The Evolution and Economic Challenges of the EU

The Roman Empire spanned the Mediterranean region and established a cultural and linguistic unity.

The Carolingian Empire: Charlemagne attempted to restore the Roman Empire.

The Hispanic Monarchy embraced the Iberian Peninsula, Italy, the Netherlands, and the Holy Roman Empire under Charles V and Philip II, defending Catholicism.

The Napoleonic Empire: Under Napoleon Bonaparte, France and its revolution spread across Europe.

After the Second World War (1945), Europe was divided into two blocks: the communist USSR until 1991, and the Western bloc. Some European countries began building:

In 1948, the Benelux Customs Union was established between Belgium, Luxembourg, and the Netherlands.

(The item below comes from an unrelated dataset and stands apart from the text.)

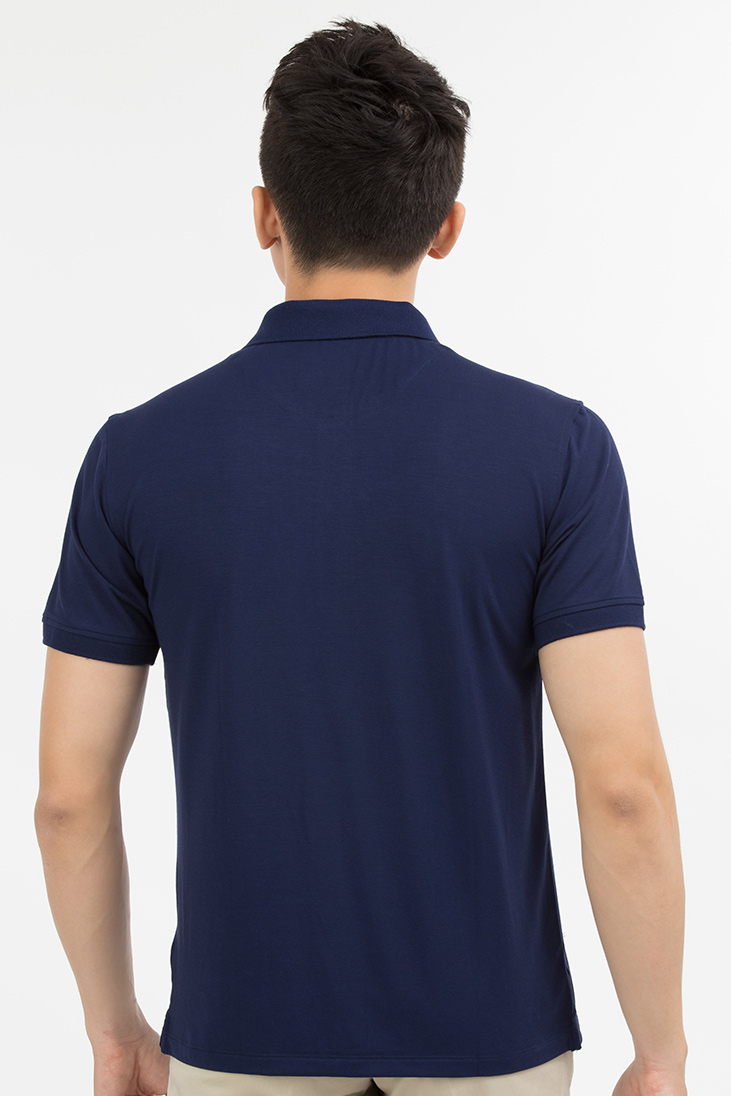 Áo Polo nam Novelty xanh đen in họa tiết NATMMTMT3R180051N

In 1951, the European Coal and Steel Community (ECSC) was formed, removing trade barriers between Germany, France, Italy, and the Benelux countries.

The Evolution of the European Union

Following the success of the ECSC, in 1957, Germany, France, Italy, Belgium, Luxembourg, and the Netherlands signed the Treaty of Rome, leading to the European Economic Community (EEC), a common market between them.

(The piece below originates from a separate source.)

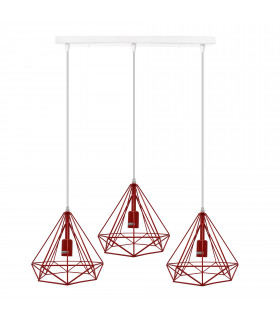 Pendant light 3 Head Red Rectangle Base Vintage Industrial E27 Ceiling Hanging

In 1973, the United Kingdom, Ireland, and Denmark joined. Greece entered in 1981, followed by Spain and Portugal in 1986, creating the Europe of the Twelve.

EU Institutions

The main institutions are:

  • The Council of the EU: The legislative body representing the Member States.
  • The European Commission: The EU executive branch, consisting of 27 members.
  • The European Parliament: Approves laws and the EU budget, with 785 MEPs in Strasbourg.
  • The European Council: Composed of the Heads of State and Government, setting the policy of the Union.
  • The Court of Justice: Applies Community law.
  • The European Court of Auditors: Monitors the budgetary funds.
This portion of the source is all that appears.